(INPUT FOR THIS TASK Opens)

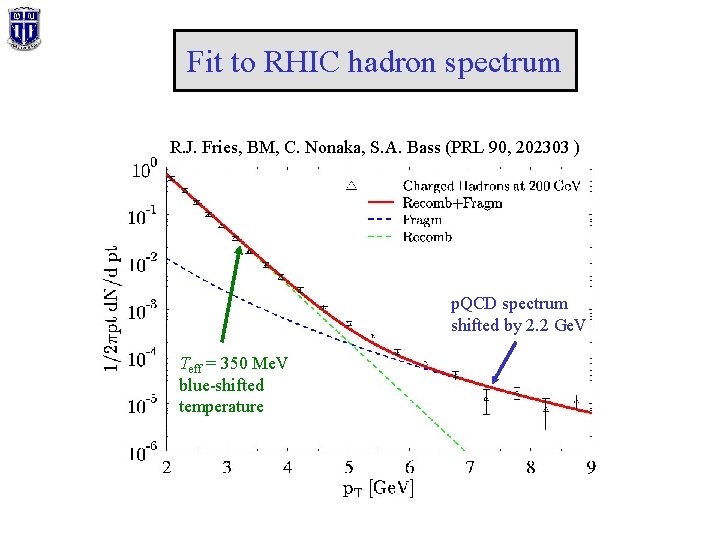 Fit to RHIC hadron spectrum R. J. Fries, BM, C. Nonaka, S. A. Bass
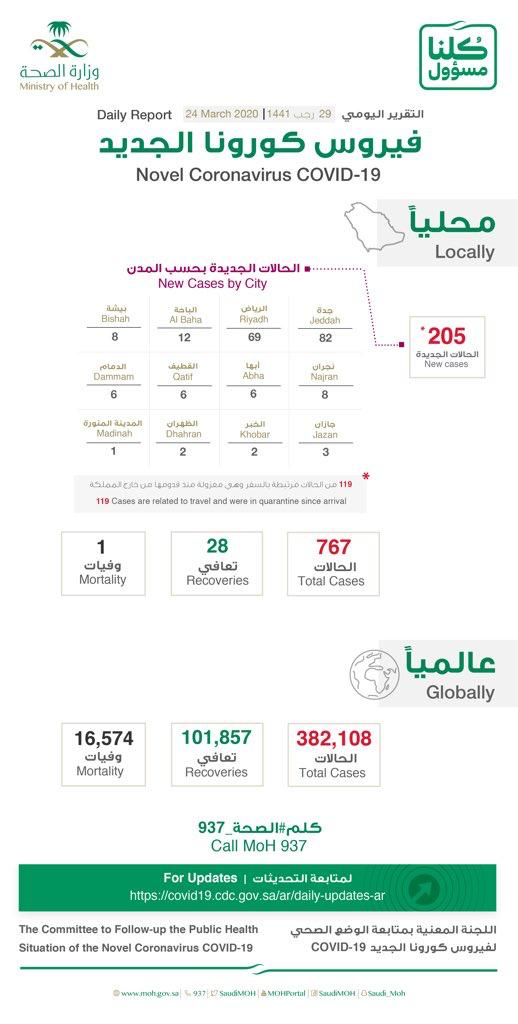 wa_alzahrani's tweet photo. بعد ضبط عامل بــ بلجرشي يبصق على الابواب وعربات التسوق وثبت اصابته بـ فيروس كورونا اليوم للاسف نسمع عن 12 حالة من #الحالات_الجديده في الباحة ..

حسبي الله ونعم الوكيل  

اللهم من أراد بلادنا بسوء فأشغله في نفسه ورد كيده في نحره واجعل تدبيره تدميرًا عليه 🙏 https://t.co/Rv7RTDQDg3
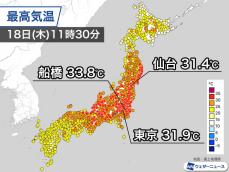 東京都心や仙台ですでに30℃突破　仙台は過去3番目に早い真夏日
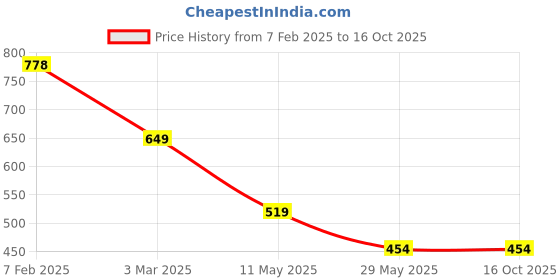 tatacliq.com Soch Grey Printed Tunic soch Price History Graph from 7 Feb 2025 to 16 Oct 2025
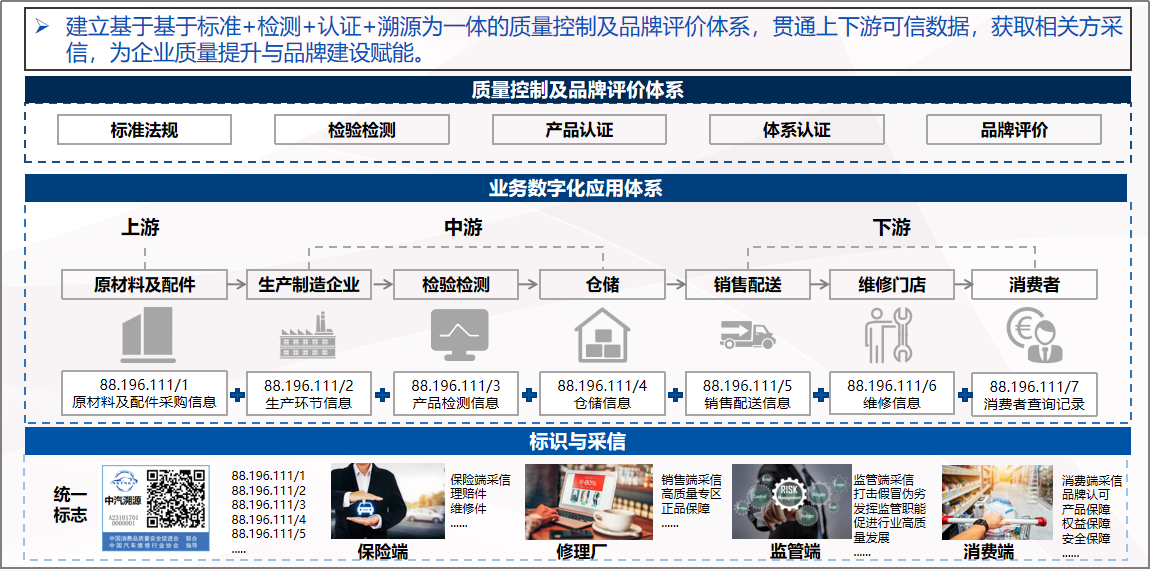 中汽溯源平台聚焦质量提升与信息追溯，首批7家单位入驻！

(INPUT FOR THIS TASK Closes)

WHAT IS NEEDED:
The reply should consist only of the lines running from the one with "tatacliq.com Soch Grey" through the end of the material, both included, copied exactly; please omit pictures.

EXPECTED ANSWER:
 tatacliq.com Soch Grey Printed Tunic soch Price History Graph from 7 Feb 2025 to 16 Oct 2025
 中汽溯源平台聚焦质量提升与信息追溯，首批7家单位入驻！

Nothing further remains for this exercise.